# What the exercise asks
Return the entries in their entirety, precisely as given.

Records provided START

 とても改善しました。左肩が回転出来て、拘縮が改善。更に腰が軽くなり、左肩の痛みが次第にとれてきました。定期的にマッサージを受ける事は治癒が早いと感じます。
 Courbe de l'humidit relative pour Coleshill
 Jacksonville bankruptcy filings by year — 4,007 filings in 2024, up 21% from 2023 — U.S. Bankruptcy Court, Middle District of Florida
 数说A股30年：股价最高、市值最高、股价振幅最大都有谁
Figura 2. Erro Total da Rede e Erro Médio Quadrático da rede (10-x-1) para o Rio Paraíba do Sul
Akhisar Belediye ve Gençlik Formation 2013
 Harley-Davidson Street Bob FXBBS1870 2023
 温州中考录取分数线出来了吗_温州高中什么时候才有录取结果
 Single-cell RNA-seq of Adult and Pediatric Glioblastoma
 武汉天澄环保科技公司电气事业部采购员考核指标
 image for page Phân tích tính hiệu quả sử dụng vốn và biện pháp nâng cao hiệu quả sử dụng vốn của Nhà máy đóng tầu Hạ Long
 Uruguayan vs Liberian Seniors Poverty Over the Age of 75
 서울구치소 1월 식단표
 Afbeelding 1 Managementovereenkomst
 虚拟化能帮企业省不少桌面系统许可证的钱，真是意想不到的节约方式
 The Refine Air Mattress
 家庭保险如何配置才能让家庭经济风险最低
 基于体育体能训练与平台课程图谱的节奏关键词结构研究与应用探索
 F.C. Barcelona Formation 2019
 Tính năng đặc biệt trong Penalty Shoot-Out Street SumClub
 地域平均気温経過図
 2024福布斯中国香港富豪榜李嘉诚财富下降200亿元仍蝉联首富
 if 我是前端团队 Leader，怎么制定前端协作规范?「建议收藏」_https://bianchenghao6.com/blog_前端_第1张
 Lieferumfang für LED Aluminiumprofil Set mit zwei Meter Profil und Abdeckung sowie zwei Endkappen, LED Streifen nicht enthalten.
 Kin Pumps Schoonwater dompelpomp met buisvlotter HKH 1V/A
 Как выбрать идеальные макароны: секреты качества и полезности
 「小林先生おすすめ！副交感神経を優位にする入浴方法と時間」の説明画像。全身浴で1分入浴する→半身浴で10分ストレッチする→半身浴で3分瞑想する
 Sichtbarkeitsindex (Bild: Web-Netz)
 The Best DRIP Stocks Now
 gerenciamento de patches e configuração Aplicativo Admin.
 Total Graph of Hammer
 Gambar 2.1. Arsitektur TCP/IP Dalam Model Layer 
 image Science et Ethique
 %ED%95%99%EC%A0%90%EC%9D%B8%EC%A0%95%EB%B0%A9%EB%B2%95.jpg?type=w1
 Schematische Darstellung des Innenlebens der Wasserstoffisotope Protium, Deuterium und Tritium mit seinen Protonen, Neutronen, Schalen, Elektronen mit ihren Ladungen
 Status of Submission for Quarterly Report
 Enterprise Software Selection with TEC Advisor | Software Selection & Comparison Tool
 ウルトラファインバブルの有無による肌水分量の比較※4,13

Records provided END

# Task response
 とても改善しました。左肩が回転出来て、拘縮が改善。更に腰が軽くなり、左肩の痛みが次第にとれてきました。定期的にマッサージを受ける事は治癒が早いと感じます。
 Courbe de l'humidit relative pour Coleshill
 Jacksonville bankruptcy filings by year — 4,007 filings in 2024, up 21% from 2023 — U.S. Bankruptcy Court, Middle District of Florida
 数说A股30年：股价最高、市值最高、股价振幅最大都有谁
Figura 2. Erro Total da Rede e Erro Médio Quadrático da rede (10-x-1) para o Rio Paraíba do Sul
Akhisar Belediye ve Gençlik Formation 2013
 Harley-Davidson Street Bob FXBBS1870 2023
 温州中考录取分数线出来了吗_温州高中什么时候才有录取结果
 Single-cell RNA-seq of Adult and Pediatric Glioblastoma
 武汉天澄环保科技公司电气事业部采购员考核指标
 image for page Phân tích tính hiệu quả sử dụng vốn và biện pháp nâng cao hiệu quả sử dụng vốn của Nhà máy đóng tầu Hạ Long
 Uruguayan vs Liberian Seniors Poverty Over the Age of 75
 서울구치소 1월 식단표
 Afbeelding 1 Managementovereenkomst
 虚拟化能帮企业省不少桌面系统许可证的钱，真是意想不到的节约方式
 The Refine Air Mattress
 家庭保险如何配置才能让家庭经济风险最低
 基于体育体能训练与平台课程图谱的节奏关键词结构研究与应用探索
 F.C. Barcelona Formation 2019
 Tính năng đặc biệt trong Penalty Shoot-Out Street SumClub
 地域平均気温経過図
 2024福布斯中国香港富豪榜李嘉诚财富下降200亿元仍蝉联首富
 if 我是前端团队 Leader，怎么制定前端协作规范?「建议收藏」_https://bianchenghao6.com/blog_前端_第1张
 Lieferumfang für LED Aluminiumprofil Set mit zwei Meter Profil und Abdeckung sowie zwei Endkappen, LED Streifen nicht enthalten.
 Kin Pumps Schoonwater dompelpomp met buisvlotter HKH 1V/A
 Как выбрать идеальные макароны: секреты качества и полезности
 「小林先生おすすめ！副交感神経を優位にする入浴方法と時間」の説明画像。全身浴で1分入浴する→半身浴で10分ストレッチする→半身浴で3分瞑想する
 Sichtbarkeitsindex (Bild: Web-Netz)
 The Best DRIP Stocks Now
 gerenciamento de patches e configuração Aplicativo Admin.
 Total Graph of Hammer
 Gambar 2.1. Arsitektur TCP/IP Dalam Model Layer 
 image Science et Ethique
 %ED%95%99%EC%A0%90%EC%9D%B8%EC%A0%95%EB%B0%A9%EB%B2%95.jpg?type=w1
 Schematische Darstellung des Innenlebens der Wasserstoffisotope Protium, Deuterium und Tritium mit seinen Protonen, Neutronen, Schalen, Elektronen mit ihren Ladungen
 Status of Submission for Quarterly Report
 Enterprise Software Selection with TEC Advisor | Software Selection & Comparison Tool
 ウルトラファインバブルの有無による肌水分量の比較※4,13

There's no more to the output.